Make sure to add the entry points in your setup.py, then build and run:
# In setup.py, under entry_points:
# 'console_scripts': [
# 'llm_command_node = llm_integration.llm_command_node:main',
# 'command_publisher = llm_integration.command_publisher:main',
# 'action_executor = llm_integration.action_executor:main',
# ],
cd ~/ros2_ws
colcon build --packages-select llm_integration
source install/setup.bash
In three separate terminals:
# Terminal 1: Start the LLM command node
ros2 run llm_integration llm_command_node
# Terminal 2: Start the action executor
ros2 run llm_integration action_executor
# Terminal 3: Send a command
ros2 run llm_integration command_publisher "go to the living room"
You should see the LLM parse the command into a structured action, and the action executor receiving it. The command publisher exits immediately, but the other two nodes keep running, waiting for more input.
Going Further: Multi-Turn Task Planning
For more complex commands like “clean the dining table and then water the plants,” you can extend the pipeline:
- Use a multi-turn prompt with a conversation history buffer
- Have the LLM output a sequence of actions instead of a single one
- Add a feedback loop: the action executor publishes status back, which gets fed into the LLM for re-planning
I’ve been experimenting with a simple state machine where the LLM generates a plan as a list of JSON actions, and the executor works through them one by one, reporting results back.
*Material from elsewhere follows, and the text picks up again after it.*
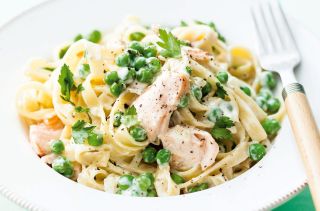 Salmon and pea tagliatelle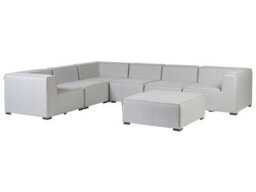 Beliani Garden Corner Sofa With Ottoman 7 Seater Arezzo Right Hand Modular Light Grey - thumbnail 6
It’s not perfect — the LLM can hallucinate actions — but for structured indoor tasks, it works surprisingly well.
Performance Notes for 2026 Hardware
If you’re running this on a Raspberry Pi 5 or a Jetson Orin, stick with qwen2.5:0.5b or phi-3.5:3.8b for usable latency (under 2 seconds per query). On a desktop with a GPU, bump up to qwen2.5:14b or llama3.1:8b for significantly better instruction-following.
The key bottleneck is the Ollama HTTP call — ROS2 callbacks don’t block, but if your LLM takes 10 seconds to respond, your robot will pause before acting. Consider running the LLM inference in a separate thread with a command queue.
What’s Next?
This is the foundation. From here, you can:
- Integrate with Nav2 — pass the parsed location to the Nav2 action server for full SLAM-based navigation
- Use MoveIt2 for arm manipulation when the LLM says “pick up”
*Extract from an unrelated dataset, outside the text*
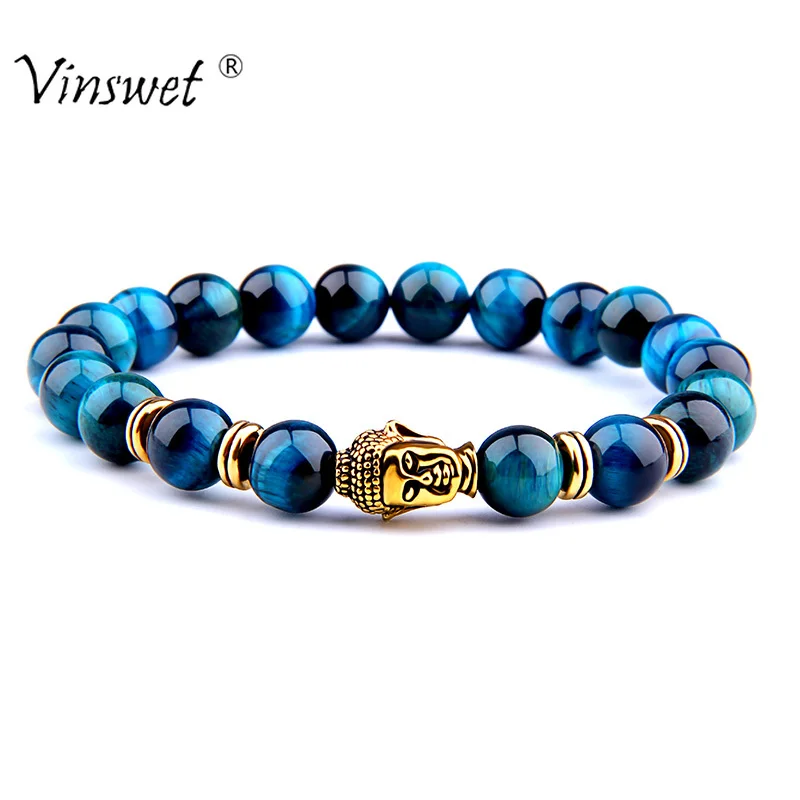 

Fashion AAA Royal Blue Tiger Eye Men's Bracelet Beads Natural Stone Buddha Stretch Charm Bracelets for Women Men Jewelry 2019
- Add vision: connect a webcam, run a
yolonode, and have the LLM reason about detected objects - Build a voice interface: pipe speech-to-text (like Whisper) into
/human_input
I’ve been running this setup on my university’s TurtleBot4 for about two months now, and it’s completely changed how I prototype robot behaviors. Instead of writing state machines for every new scenario, I just tell the robot what I want. Try it — you’ll never want to go back to hardcoded commands.